Pero ese mismo Amor Sagrado es el que un día nos asesta la estafa más grande —por el costo que pagamos— y la menos advertida —por lo inconcebible. Es preciso explicitarlo.

Hubo una vez, sólo una vez, en que la Eternidad fue posible para nosotros. Si alguna vez pudimos asomarnos a Ella se lo debemos al Amor Sagrado. Fue precisamente el Amor Sagrado, al dar a luz, el que, sin siquiera imaginárselo, nos la puso en evidencia como promesa.

Qué otra cosa que promesa de eternidad que ofrendarnos sus pechos maduros para continuar nutriéndonos con el néctar de su propio ser. Qué otra cosa que sentirnos invulnerables al amparo del calor de su cuerpo cuando entregados en su regazo nos aúpa. Qué otra cosa sino el arrullo interminable de una canción de cuna entonada por su voz única, que sólo el Amor Sagrado es capaz de prodigarnos. Qué otra cosa, acaso, que prometernos eternidad cuando por vez primera, embriagados por su aroma inconfundible, nos mira a los ojos con sus labios sonrientes, mientras pronuncia ese sonido melifluo que en nuestros oídos sabe a melodía órfica y que, muy luego, con el tiempo, sabremos que es nuestro nombre.

Pero llega un día, no muy lejano, en que descubrimos la estafa, y cuando lo pensamos en profundidad, sólo nos queda mirar con ternura esa promesa tácita que las madres, sin saberlo y sin quererlo, incumplen.

A cambio de la eternidad, al tomar conciencia de nuestra condición temporal, ingresamos en la historia. A nuestra propia historia, para ser más precisos. Una historia con los días contados. Entonces sabemos, para siempre, de qué va la vida. De cómo se viene la muerte, “tan callando”, como la copla de Jorge Manrique bien les recuerda a nuestras almas dormidas.
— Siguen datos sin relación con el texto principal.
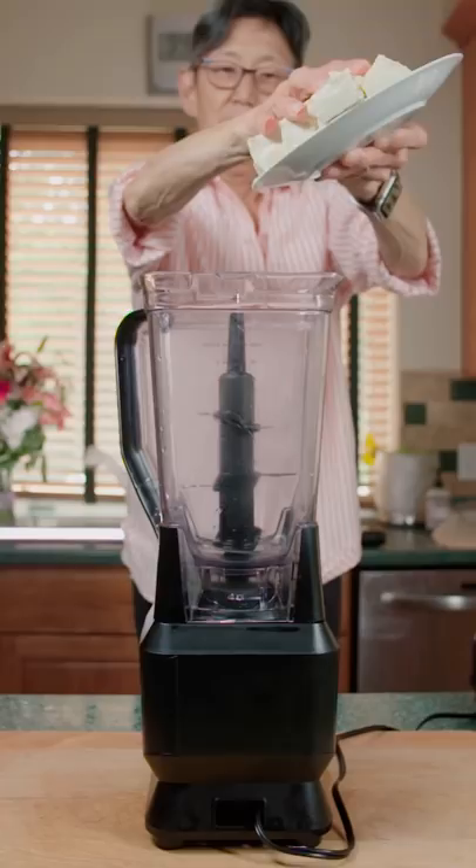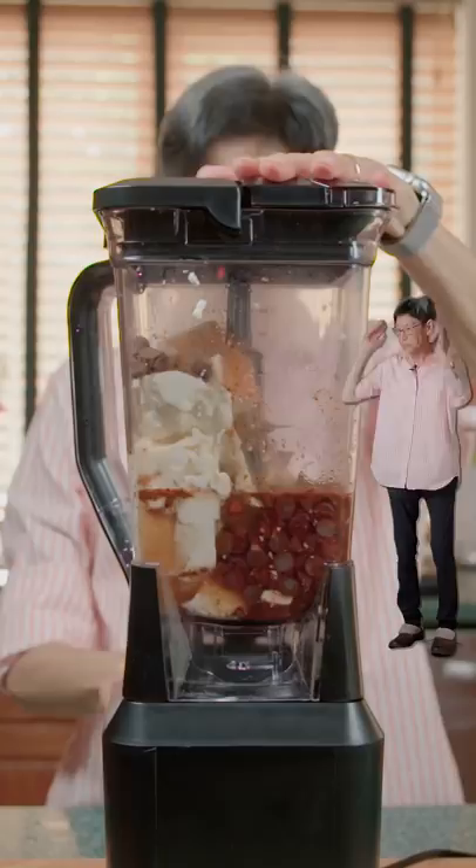We're gonna turn this tofu into chocolate pudding. To a blender add the tofu, chocolate chips, vanilla, cinnamon, chili powder, and sugar water.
Entonces, sólo nos quedará enfrentar lo irremediable, rebelarnos contra el destino, y así remedar al “hombre rebelde” que con inusual suficiencia definió Albert Camus en páginas inolvidables escritas en 1951; o entregarnos a las distintas formas de evasión, ajustarnos a las verdades reveladas —aferrados a la indómita esperanza— o a abstracciones místicas o filosóficas que eludan nuestra responsabilidad de plantar cara a lo absurdo de la existencia, y, en ese caso, seremos el “hombre humillado” que la perspicacia de Martín Heidegger supo enunciar sin malicia.

Ambas opciones, sin embargo, están cubiertas por la misma sombra. Lo que ya no podremos ignorar es la muerte. Entonces nos gana la certeza de que jamás la herida narcisista podrá cicatrizarse y que la nostalgia de la eternidad tampoco nos abandonará nunca. Entonces lloramos. Pero ese será otro llanto. El más humano de todos los llorados. El definitivo.

© LA GACETA

Jorge Brahim - Ensayista, escritor, editor.